切削加工过程中颤振的监测与识别方法研究
摘要
切削加工是使用切削工具,把坯料或工件上多余的材料层切去,使工件获得规定的几何形状、尺寸和表面质量的加工方法。在切削加工过程中所产生的颤振是影响工件质量的主要原因之一,颤振具有非线性、时变性和不确定性等特点,难以进行精确的测量和识别,多年来吸引了国际上众多学者持续对其进行研究,取得了一些重要的研究成果,但仍然存在一些问题有待于解决。本文综合了隐马尔可夫、支持向量机及核主元分析等理论和方法,对机床启动过程、刀具磨损状态等诱发颤振的因素进行诊断分析,并且对切削加工中的颤振监测和识别方法进行研究。论文完成的主要工作如下:
(1)通过对切削加工时机床启动过程的故障特征分析,基于隐马尔可夫理论,建立了混合密度连续隐马尔可夫模型,对机床启动过程的故障进行识别。采用连续混合密度隐马尔可夫模型识别车床启动过程的运行状态,解决了隐马尔可夫模型的溢出问题,根据高斯密度函数特点,提取启动过程的工件松动、不平衡、不对中和正常启动等特征信息,依据信息特征进行故障诊断识别。该模型克服了传统的诊断方法容易丢失特征信息的弊端,方法简单、识别率高,适合应用于旋转机械的启动过程故障诊断。与隐马尔可夫模型进行比较分析,实验结果表明,该模型具有较好的识别效果。

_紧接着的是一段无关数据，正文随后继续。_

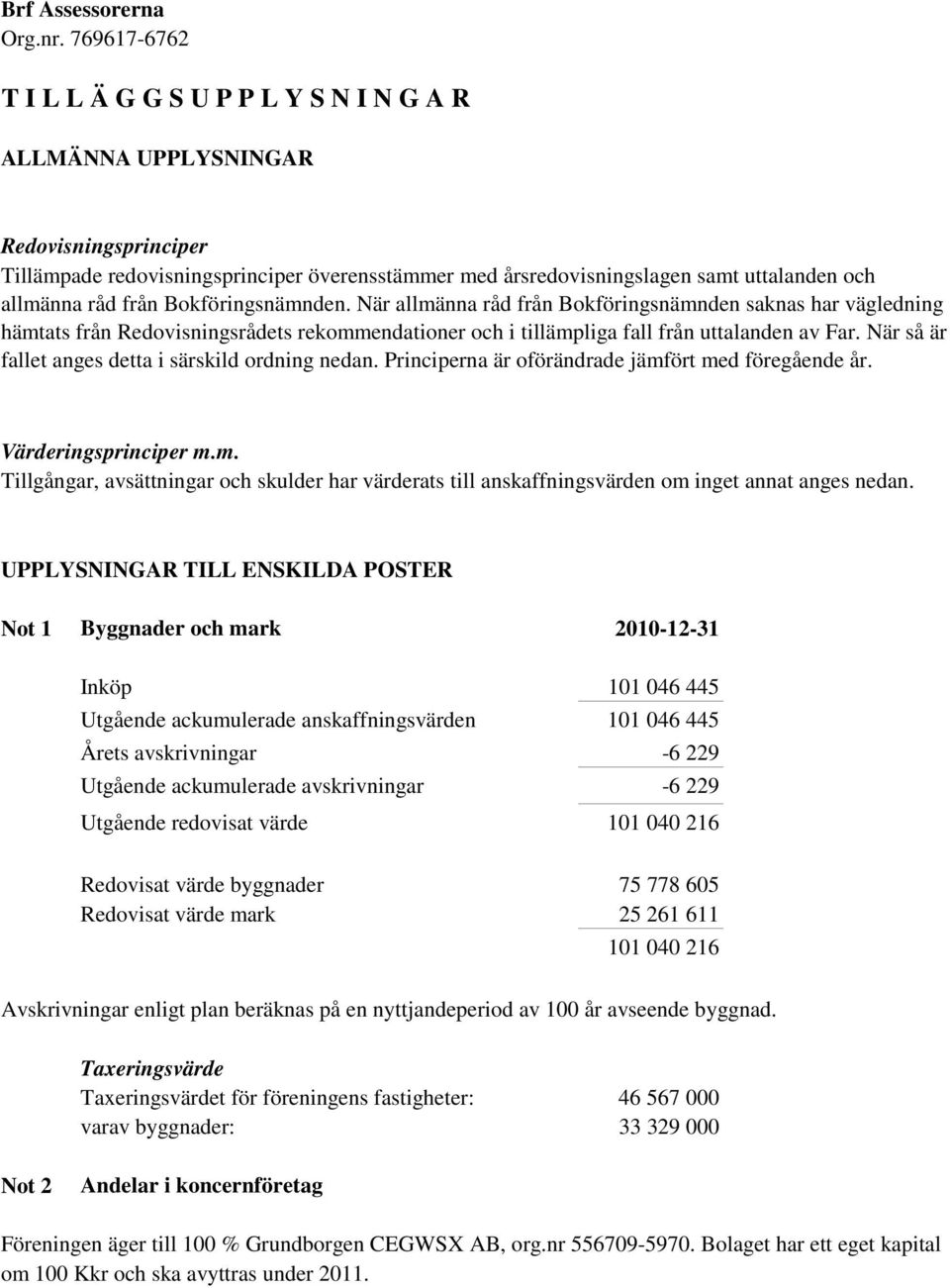 När så är fallet anges detta i särskild ordning nedan. Principerna är oförändrade jämfört med föregående år. Värderingsprinciper m.m. Tillgångar, avsättningar och skulder har värderats till anskaffningsvärden om inget annat anges nedan.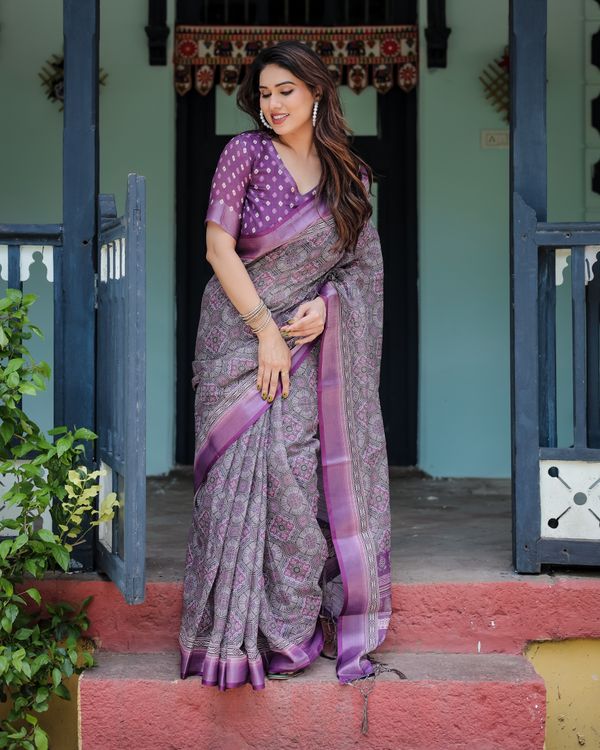 Purple Printed Linen Cotton Saree with Floral Border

(2)通过刀具磨损量对颤振影响程度的分析,基于离散隐马尔可夫理论,建立了刀具磨损诊断模型。采用对切削加工中的动态切削力信号和刀柄振动信号进行快速傅立叶变换并提取特征量,将提取的特征谱矢量作归一化处理,然后利用自组织特征映射
对归一化矢量进行预分类离散编码,编码量值作为观测序列引入到离散隐马尔可夫模型
中进行机器学习,识别出刀具磨损程度,识别结果作为控制切削进给量大小的依据。该
模型克服了传统识别方法的计算量大、算法复杂的缺点,识别速度高,具有良好的实时
性,并通过与隐马尔可夫模型和分形理论比较分析,实验结果表明,该模型具有较好的
识别效果,为正确识别切削颤振奠定基础。(3)针对切削力信号和工件振动信号的非线性、不确定性和时变性的特点,提取切削过程的大样本数据,建立了基于核主元分析与支持向量机结合的故障诊断模型(KPCA-SVM)。该模型通过KPCA方法提取非线性颤振数据中的线性主元信息,根据主元信息贡献率的大小,确定能够代表颤振特性的线性主元,然后,通过SVM的分类能力,对线性主元进行一对多方式分类,分类结果作为判定是否具有颤振趋势的依据,为控制任务提供数据基础。该方法弥补了传统识别方法难于充分描述颤振发展过程的缺陷,实验结果表明:对于能够描述切削过程的大样本数据,KPCA-SVM是一种新的有效的颤振趋势识别方法。与主元分析与支持向量机模型(PCA-SVM)的识别效果比较,具有一定的优越性。
(4)针对切削加工过程中的颤振发生时的小样本数据,建立了基于支持向量机与隐马尔可夫模型(SVM-HMM)结合的诊断模型,辨识颤振发生的程度。该模型首先求取小样本数据在支持向量机下的最优比率,然后把最优比率转化成Sigmoid概率,作为观测序列输入到HMM模型,通过隐马尔可夫模型的良好的类内分类能力,对切削过程中能够表现颤振的振动信号和切削力信号做出有效训练和识别。实验结果表明,对于小样本数据,该方法对切削颤振具有较强的识别能力,识别效果优于支持向量机方法、隐马尔可夫方法,该方法克服了非颤振信息颤振化错误判断的弊端,是一种颤振诊断的新方法。
Cutting is a machining way, by which superabundant material layer is cut by cutting tools from blank or work piece, in order to get specific figure, size and surface quality. Chatter in cutting process is one of the main causes which can affect the quality of work piece. It is difficult to accurately measure and identify chatter because of its nonlinear, time variation and uncertainty. For many years, lots of scholars from various countries always tried to study chatter and have achieved some important results. But there are still some problems that need to be solved. In this paper, the theories and methods of Markov, Support Vector Machine and Kernel Principal Component Analysis was synthesized, and was applied in diagnostic analysis of startup process and tool wear which are inducing factors for chatter, and the study about methods of monitor and identification of chatter in cutting process was performed. The main works in the research are as follows:
(1) Through analysis of fault feature of startup process in cutting, based on Markov's theory,Continue Hidden Markov Model with mixture probability Densities(CDHMM) was established in the research in order to identify fault condition during startup process. When it was used in identifying running state of startup process the overflow of Markov's model was settled. Characteristic information including workpiece loosing, unbalance, asymmetry and normally starting was extracted based on Gaussian density function,, then the CDHMM did identify and diagnose fault according to these information.The new model was better than the traditional diagnostic method for it overcame the traditional model's defect of losing information in feature information abstraction.The new method was simple, good in recognition rate, and suitable for diagnosis of startup fault about rotating machinery. The experimental results showed that the new model had better recognition effect than Hidden Markov model.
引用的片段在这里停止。